● **DATASET EXCERPT**
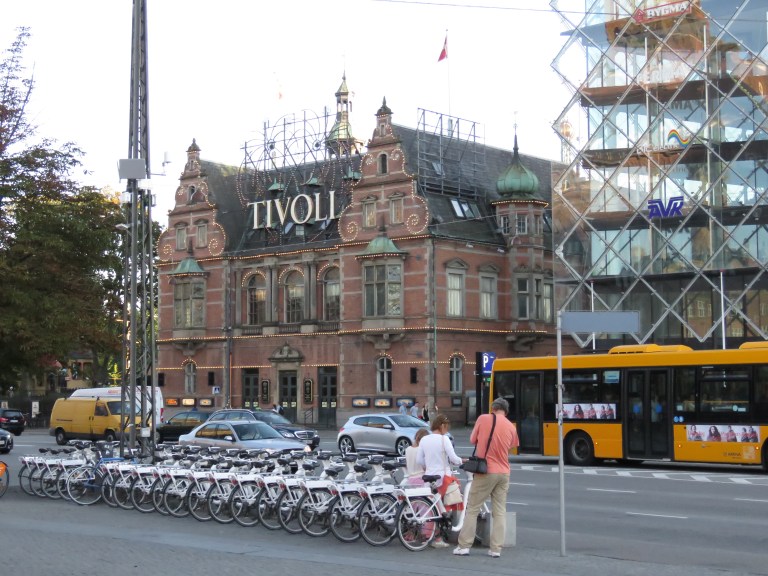 tivoli_sign_night_bikes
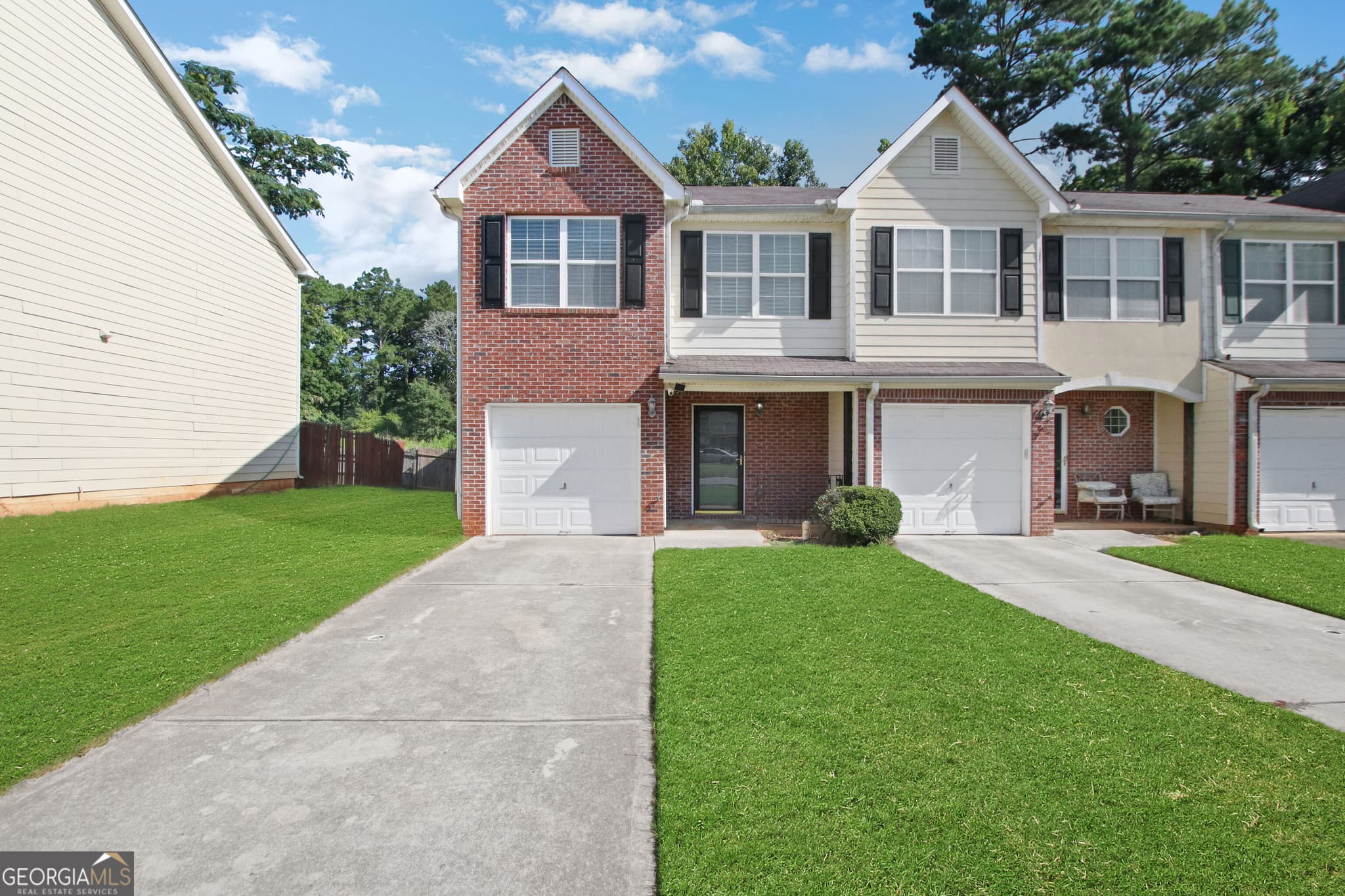 3 bedroom, 2.5 bathroom, 1,580 sq ft townhouse for rent at 762 Georgetown Court, Jonesboro, GA 30236 for $1,695 a month — photo 1 of 1
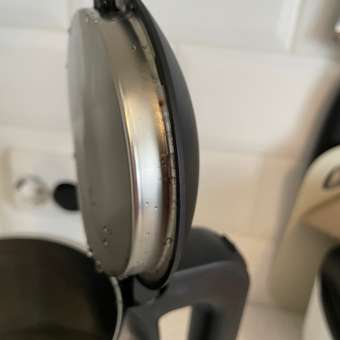 Чайник электрический BBK EK1809S нержавеющая сталь/черный 1.8 л: отзыв пользователя Детский Мир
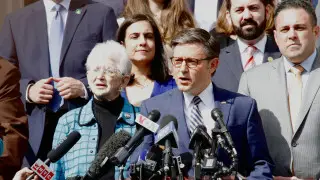 Спикер Палаты представителей США призвал Байдена уйти в отставку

● **HOW TO COMPLETE THIS TASK**
Copy out the data verbatim, excluding the pictures.

● **TASK OUTPUT**
 tivoli_sign_night_bikes
 3 bedroom, 2.5 bathroom, 1,580 sq ft townhouse for rent at 762 Georgetown Court, Jonesboro, GA 30236 for $1,695 a month — photo 1 of 1
 Чайник электрический BBK EK1809S нержавеющая сталь/черный 1.8 л: отзыв пользователя Детский Мир
 Спикер Палаты представителей США призвал Байдена уйти в отставку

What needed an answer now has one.